Personal information
- Born: 25 July 1986 (age 39)
- Original team: Donald / Bendigo U18
- Debut: Round 19, 2005, Brisbane Lions vs. Hawthorn, at the Gabba
- Height: 193 cm (6 ft 4 in)
- Weight: 89 kg (196 lb)

Playing career^{1}
- Years: Club / Games (Goals)
- 2005: Brisbane Lions / 2 (1)
- 2006: Western Bulldogs / 3 (4)
- Total:  / 5 (5)
- ^{1} Playing statistics correct to the end of 2006.

= Travis Baird =

Australian rules football player

Travis Baird (born 25 July 1986) is an Australian rules football player who was drafted by the Western Bulldogs from the Brisbane Lions in the 2005 AFL draft (3rd round, number 46 overall).
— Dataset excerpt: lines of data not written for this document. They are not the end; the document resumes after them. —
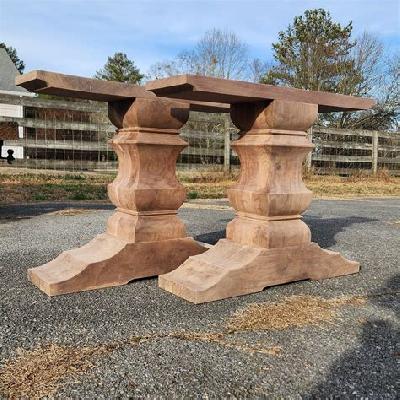 Table Pedestals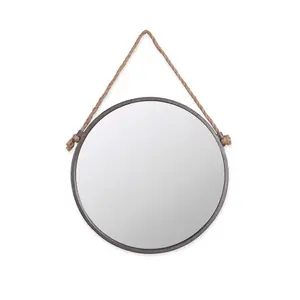 Rope & Circle Mirror Rope & Circle Mirror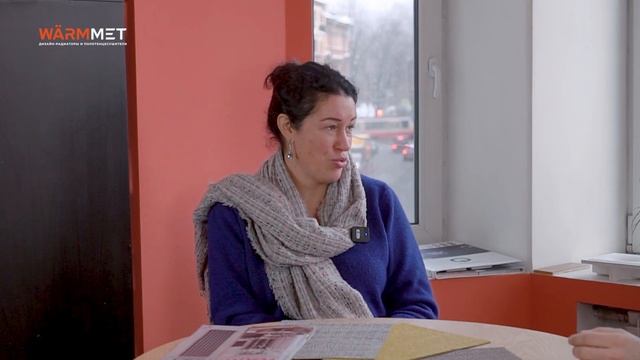 Почему WARMMET? Интервью с дизайнером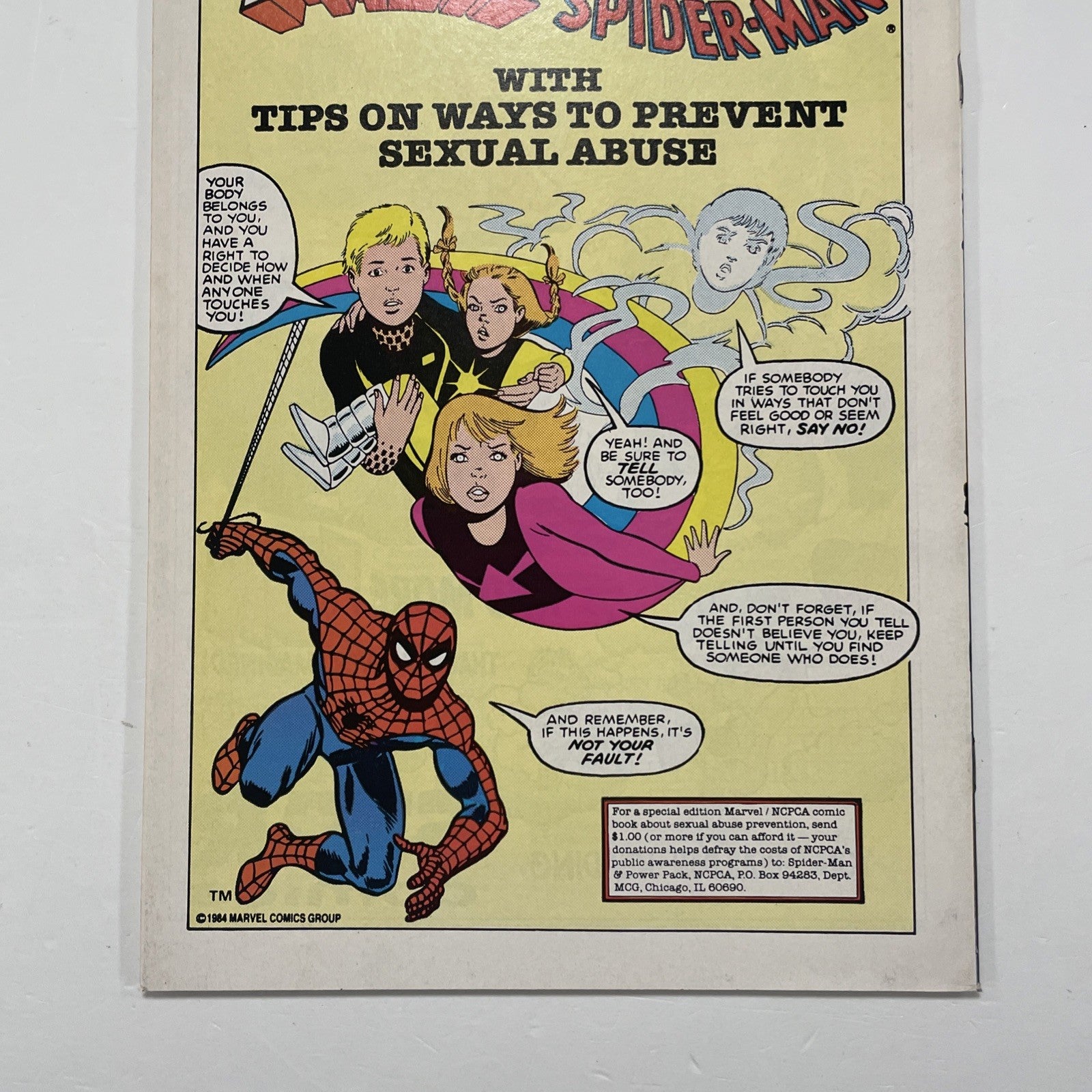X-factor #6 1986 FN/VF 1st Full Appearance of Apocalypse (4)9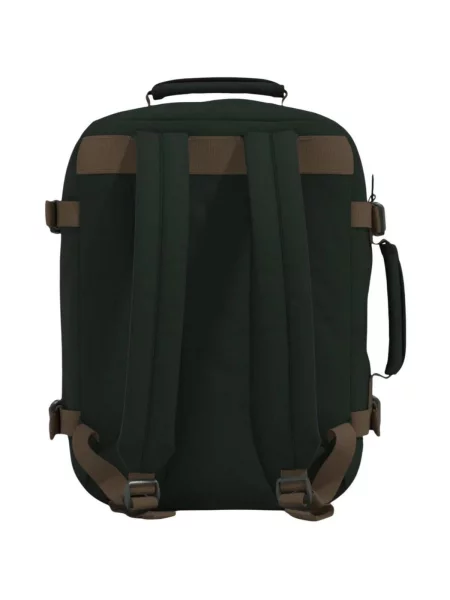 Turistický batoh CabinZero Classic 28 l black sand černý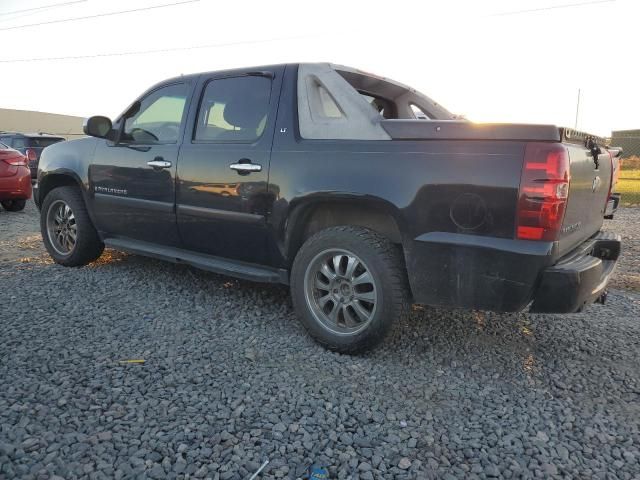 2008 Chevrolet Avalanche K1500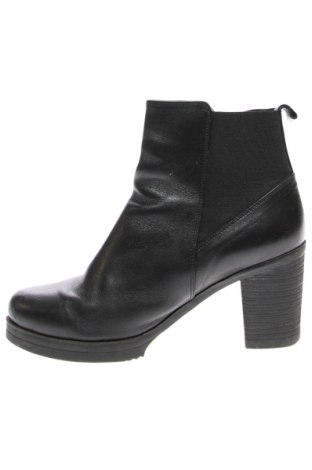 Damen Stiefeletten, Größe 37, Farbe Schwarz, Preis € 15,99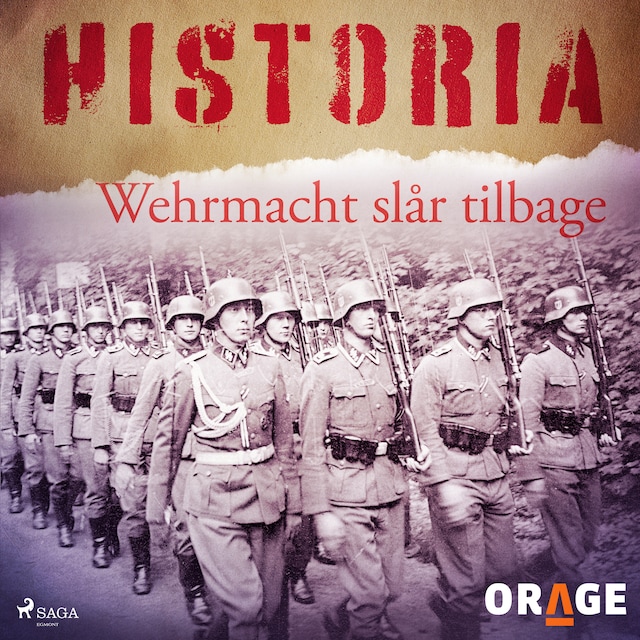 Bogomslag for Wehrmacht slår tilbage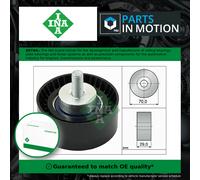 INA Deflection/Guide Pulley 532 0298 10 – V-ribbed Belt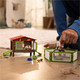 Миниатюра изображения товара Игровой набор Schleich Клетка для кроликов / 42728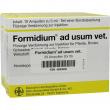 Formidium Injektionslösung vet.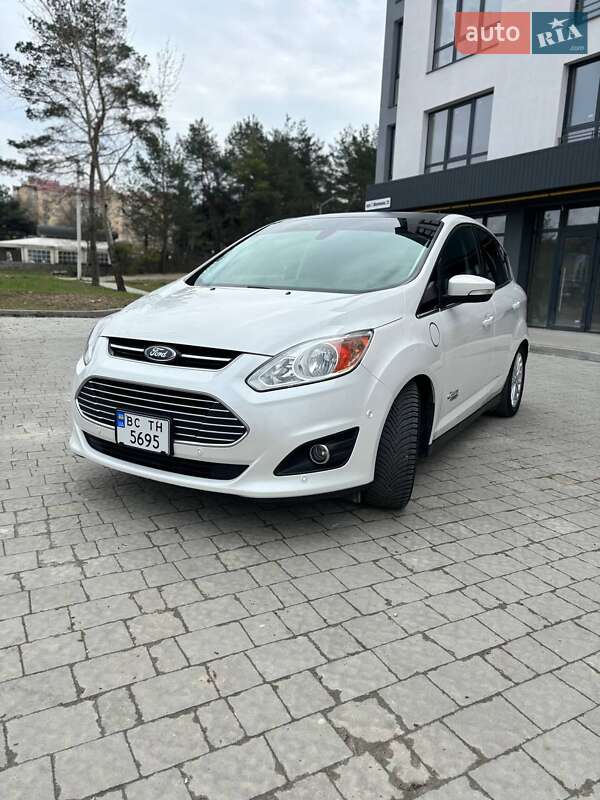 Минивэн Ford C-Max 2016 в Львове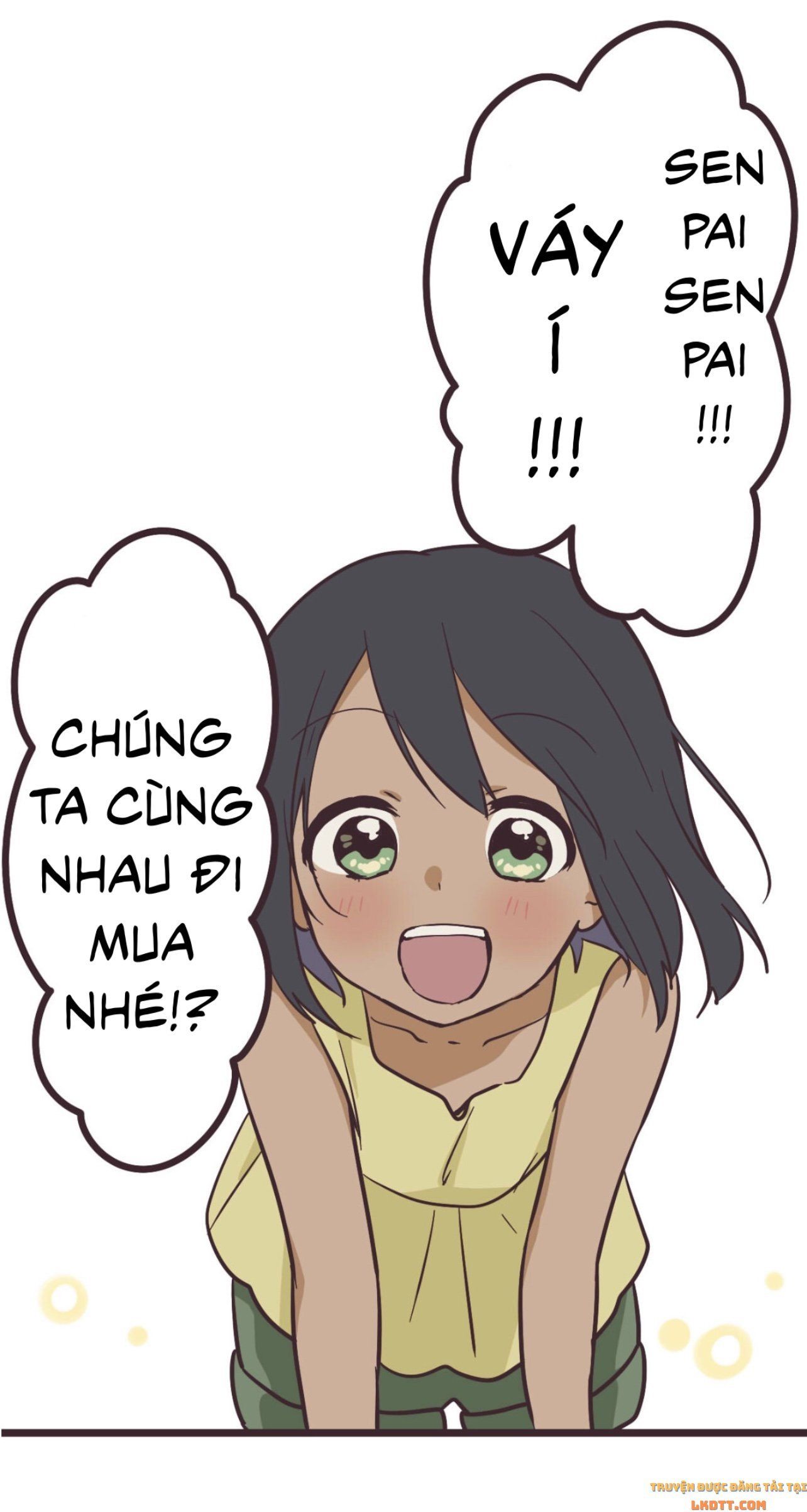 đọc truyện Senpai Là Con Trai Chương 9 ảnh 33 tại Thiên Thai Truyện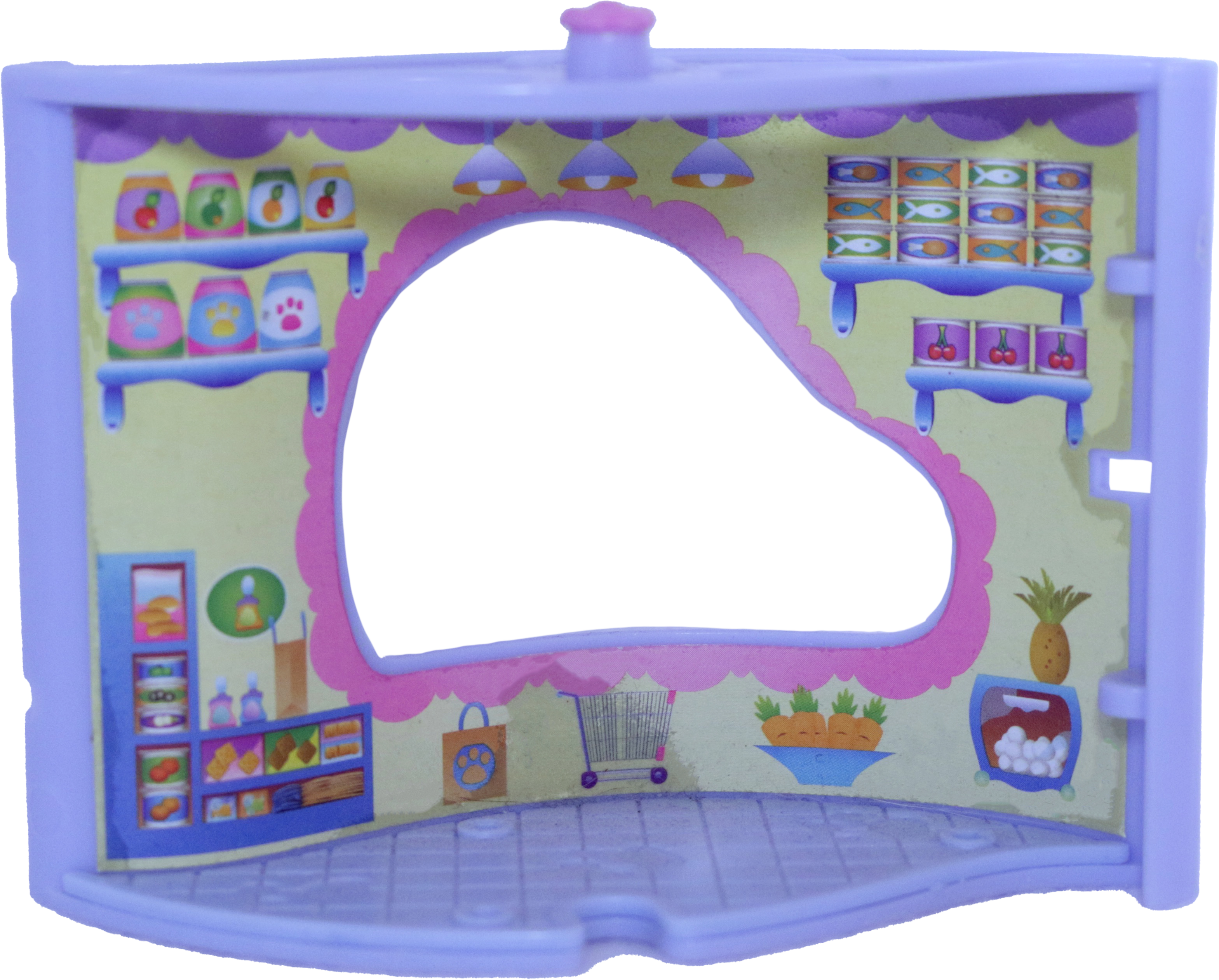 Pet Nook: Grocery Store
He played 3 games with the Bulldogs, and played 2 games with Brisbane in 2005.

==Overview==
Baird was destined to spend the rest of 2006 on Brisbane's rookie list, and thus took the decision to enter the draft at the end of 2005. He played most of 2005 with the Suncoast Lions in the AFLQ as a midfielder, showing enough ability to be promoted to Brisbane's senior list in the second half of the season, where he played two senior games.

Following the 2007 AFL season Baird was delisted by the Western Bulldogs, after he was unable to secure a single senior game for the year.